_Exercise description_. Begin at the line that has "Kapal tunda untuk dijual", stop after the line that has "Perfect Sea View", and print exactly those lines from the records below, without any pictures.

_Input_.
=== Begin Enclosure ===
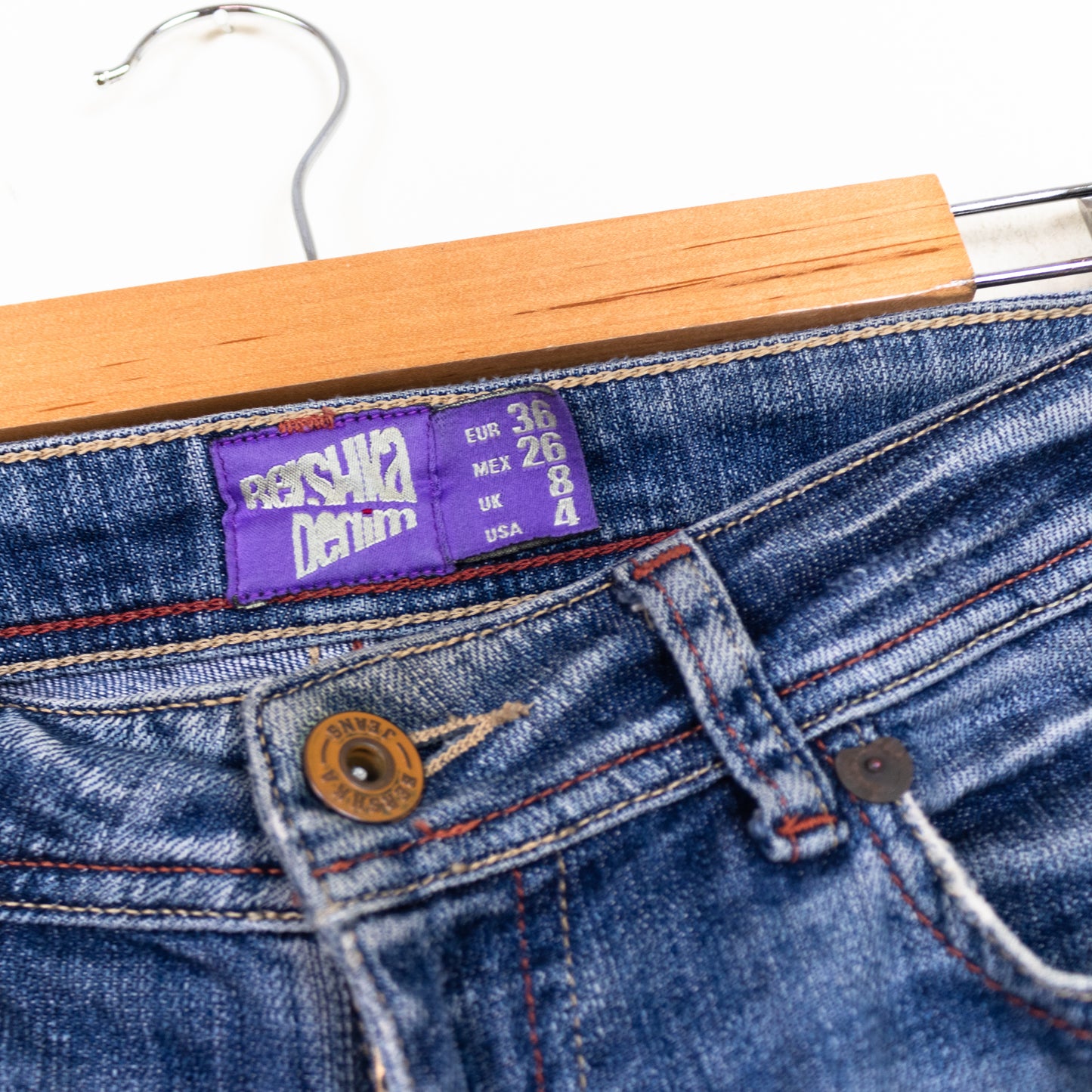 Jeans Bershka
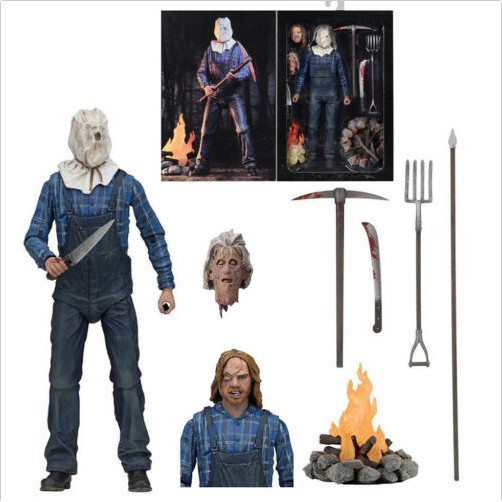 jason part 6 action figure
=== End Enclosure ===
=== Begin Enclosure ===
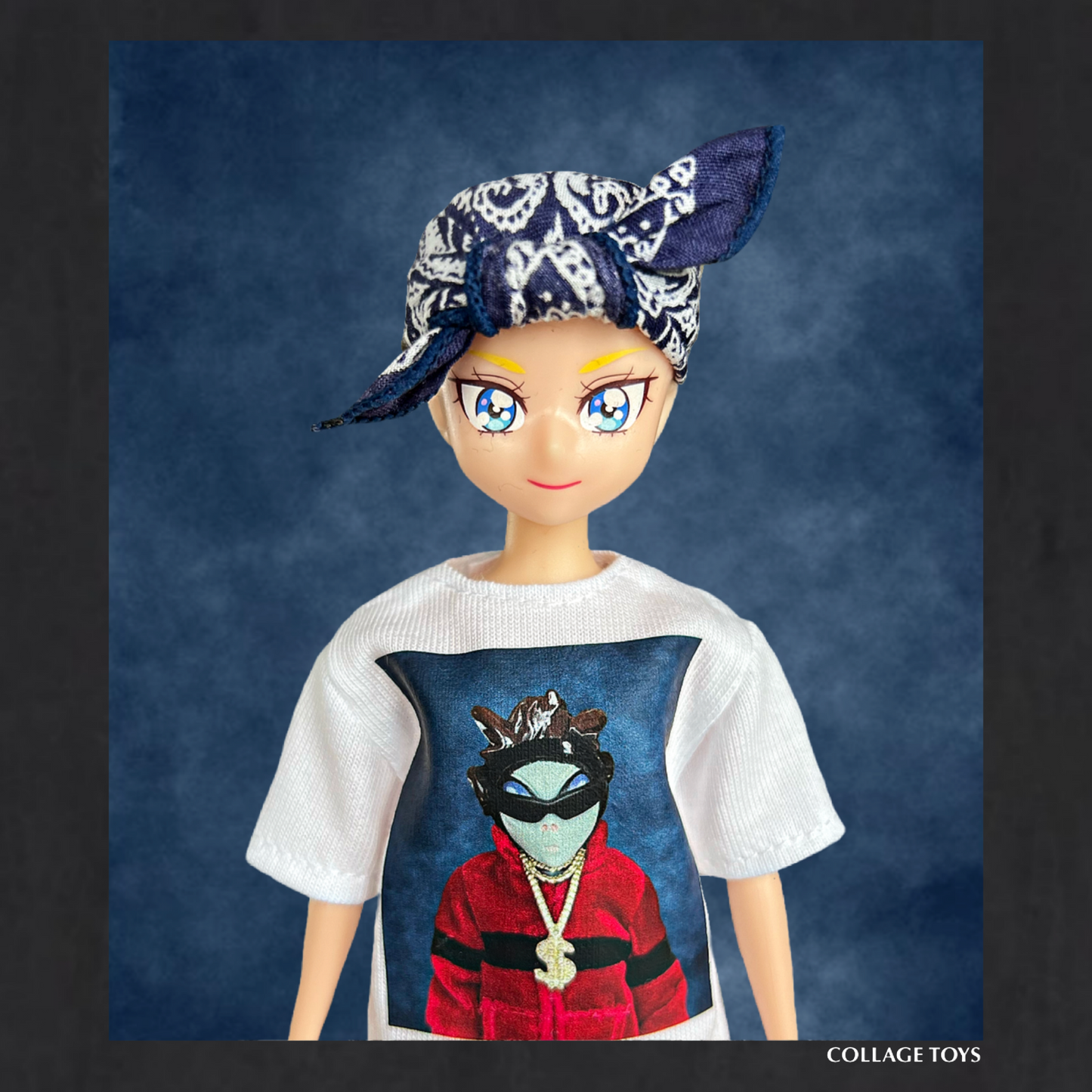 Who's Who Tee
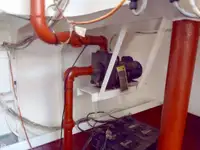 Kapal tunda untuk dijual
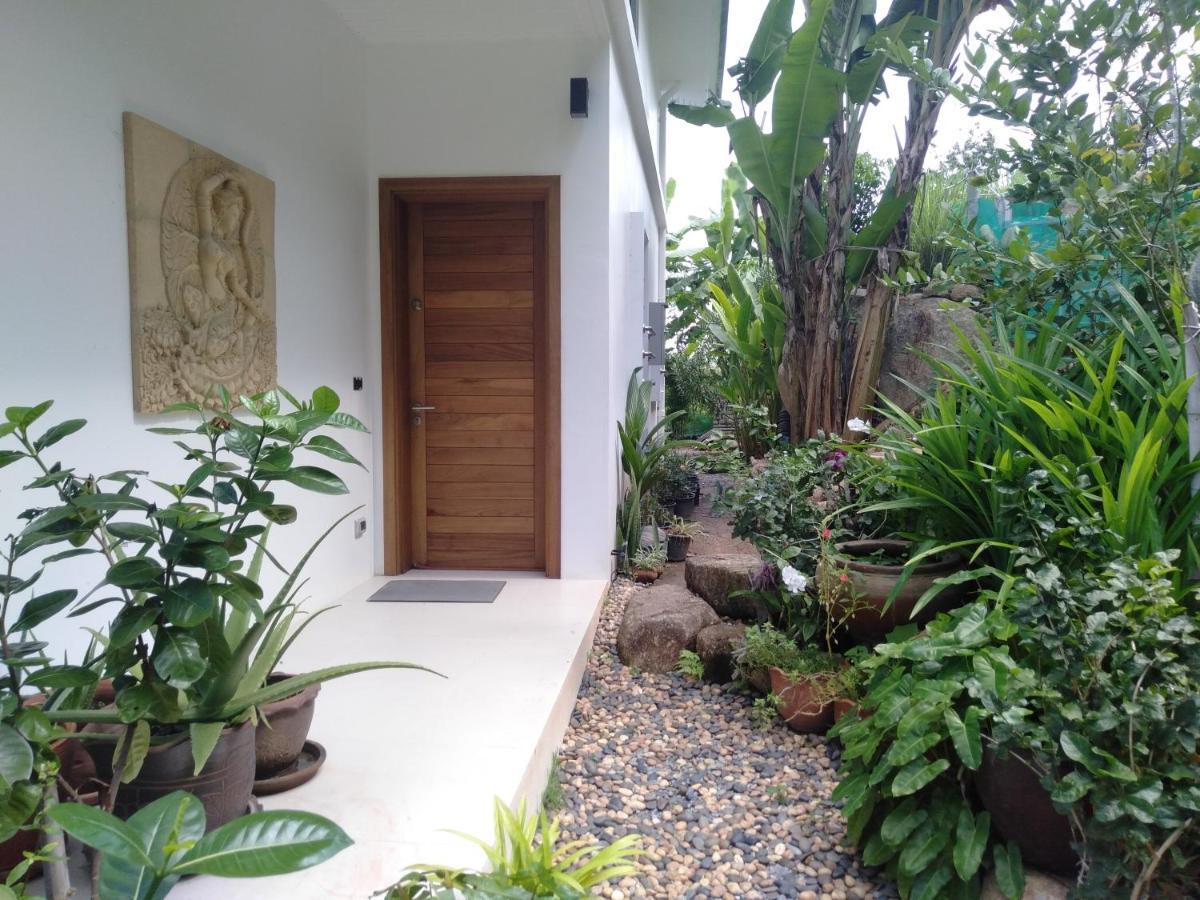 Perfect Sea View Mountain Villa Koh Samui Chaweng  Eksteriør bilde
=== End Enclosure ===
_Answer to this problem_.
 Kapal tunda untuk dijual
 Perfect Sea View Mountain Villa Koh Samui Chaweng  Eksteriør bilde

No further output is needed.